All too often such imperatives border on an injunction not merely to engage sensitively and carefully but to defer to the concerns of black people—all the while essentializing them into a homogeneous group. Like any massively diverse group of individuals, however, black people are of many different minds regarding qualifications for black racial membership. Consider, among others, Adolph Reed Jr (2015), Camille Gear Rich (2015), and Ann Morning (2017)—all black scholars who have expressed more sympathetic positions on transracialism.

This is important to remember – we don’t just choose specific voices within a group, but we can also defer to them rather than engage with them. This isn’t how we should do theory. I think Tuvel is a prominent advocate for transgender and transracial people, but here she makes clear that when we advocate for them we need to not only be careful about whose lived experience we choose to privilege, but how we engage with it.

Tuvel follows this with a dismissal of an argument that people could self-identify as centaurs (which gives the heading of this post), leading to the kind of excellent statement that can only be found in the best journals: “Centaurs, however, are not an actual ‘human kind’ (see Mallon 2016)”. The reference here is: Mallon, Ron. 2016. The Construction of Human Kinds. New York: Oxford. It appears that the academy has dealt extensively with the nature of centaurs, and concluded they aren’t human. What about the lived experience of Actual Centaurs?! How are we to incorporate this into our work?! And has Mallon considered the possibility that centaurs aren’t just not a “human kind”, but actually don’t exist? It’s good to know that philosophy is covering the important issues!

I would also commend to everyone the section of Tuvel’s response on “Inclusive identities” and the last paragraph of her section on “Analytical Methodology”.  Here she attacks the notion that race should be biologically determined, or based only on ancestry, and makes the important point that a person with no allegiance to black people or culture can be considered to have a more valid voice on blackness than a white person raised in a black community (like Dolezal was) if they have “one drop” of black blood. These kinds of ideas have been used simultaneously to define and destroy indigenous communities over many years, and they are very very dangerous. I would argue that just from a practical political, bloody-minded point of view, it is much much easier to maintain a political campaign for equal representation of Indigenous peoples if you allow self-identification than if you demand arbitrary biological definitions of race. The imperial powers that sought to destroy Indigenous peoples can’t destroy a people whose boundaries they can’t police! [Well, they can – but it’s harder, and at some point they’ll have to deal with the Indigenous people in their own institutions].

This dive back through Tuvel’s post-scandal career has been reassuring – I’m very happy to see that the original signatories not only failed to silence her or damage her career, but actually gave her a boost by instigating an appraisal of her work that bought her a whole special issue of a philosophy journal.
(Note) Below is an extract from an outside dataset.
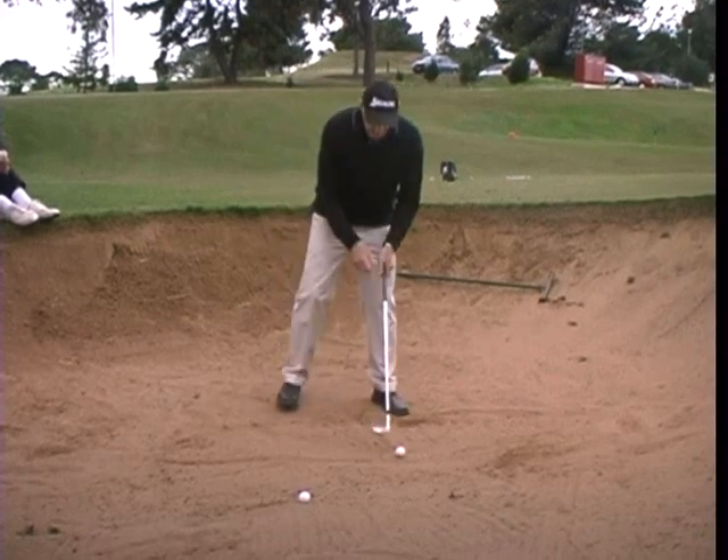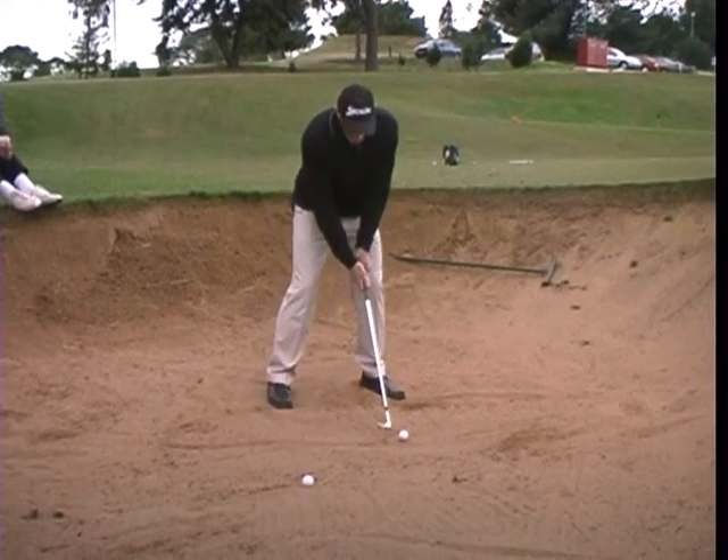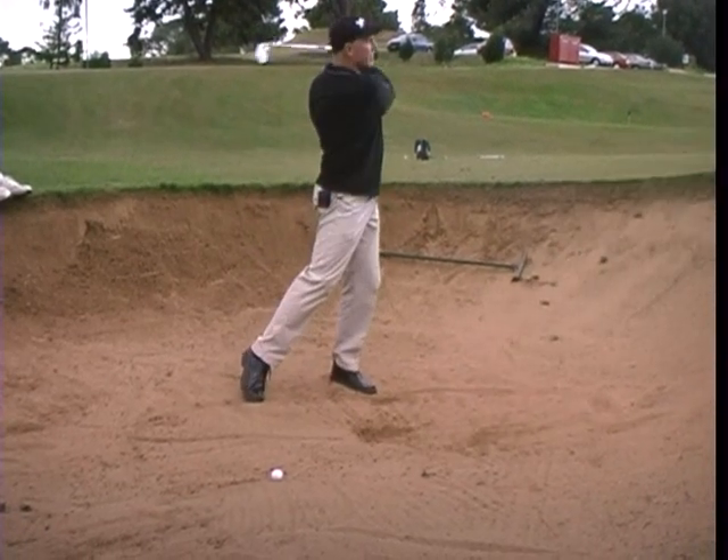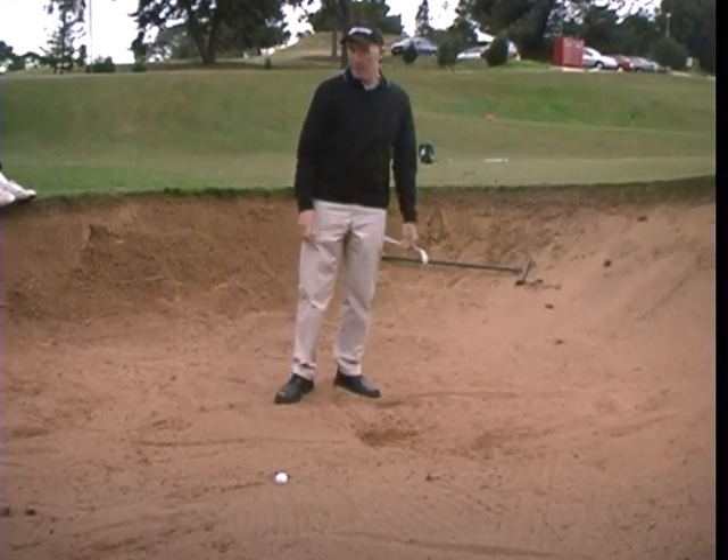So when I'm playing the bunker shot, the club face is open, I walk my feet around the circle, and then I'm looking to try and take that same amount of sand to play the shot.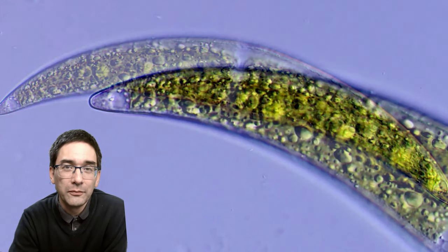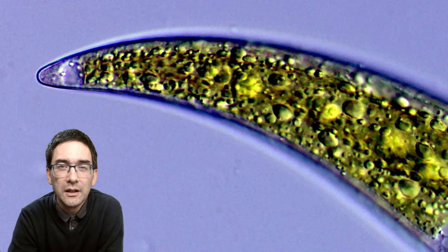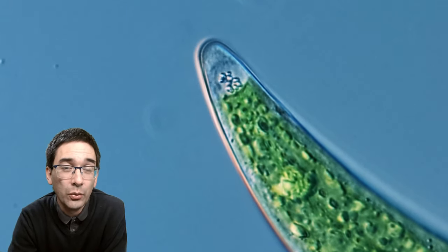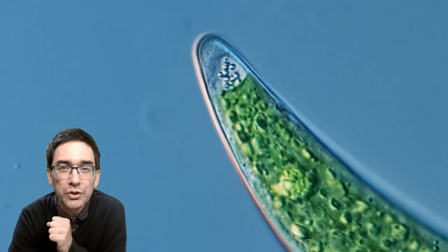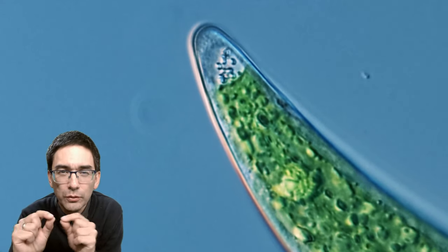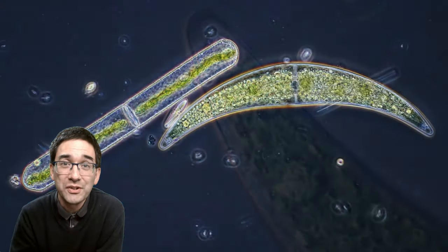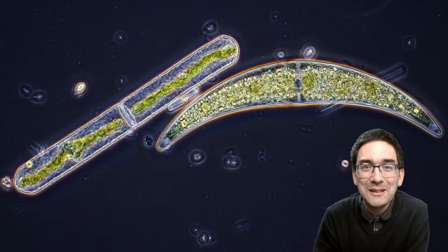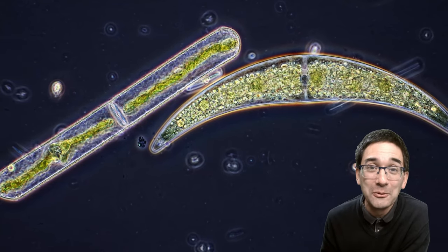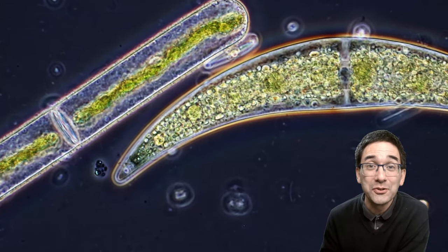My favorite one: Closterium — that's the name. If you look at the tip of this green alga you can see that in the terminal vacuole there are some little dots moving around. These are calcium or barium crystals. The function of those is not really known, but they move because of so-called Brownian motion — thermal movement of water molecules bumping into them. There are also some different contrasting techniques visible here.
This also means that rather than driving her theories away, her critics have forced the philosophy mainstream to engage with them and take them more seriously, which is good for her, good for philosophy and great for all those people who are living transracial lives (who doesn’t want philosophers debating their right to exist!?) I bet her students are happy to be being lectured by someone so radical, and if her lectures are as clear as her writing and theorizing I imagine they are getting an excellent education. She will of course be always known as “that transracialism woman”, and of course it’s still possible that the scandal will affect her career progression even if it doesn’t affect her current status, but I’m glad that the resistance those letter writers received was sufficient to protect her and to support her. It’s a strong reminder that the academy always needs to police itself against the arrogance of its own elite.

As a final aside, Wikipedia reports that the associate editors of Hypatia who signed the letter were forced to resign; the whole brouhaha was referred to the Committee on Publication Ethics (COPE), which found that the journal had acted improperly; and subsequently the journal completely revised its procedures and forced all editors and associate editors to sign on to COPE guidelines. The Andrew Mellon Foundation also gave a grant to a university to develop a code of ethics for publishing in philosophy. So even though Tuvel wasn’t directly involved in any of this, her work can be said to have led to significant reforms in the world of feminist philosophy and philosophy publishing. Very few assistant professors can lay claim to such a legacy.

Also, I’m happy to see philosophers have categorically denied centaurs their humanity. Abominations, the lot of them!


fn1: Her publication record has not been updated, however, so it’s possible that she hasn’t updated her research profile, in which case this information may not be up to date. Assistant Professors are very busy and don’t always get to keep their profiles up to date!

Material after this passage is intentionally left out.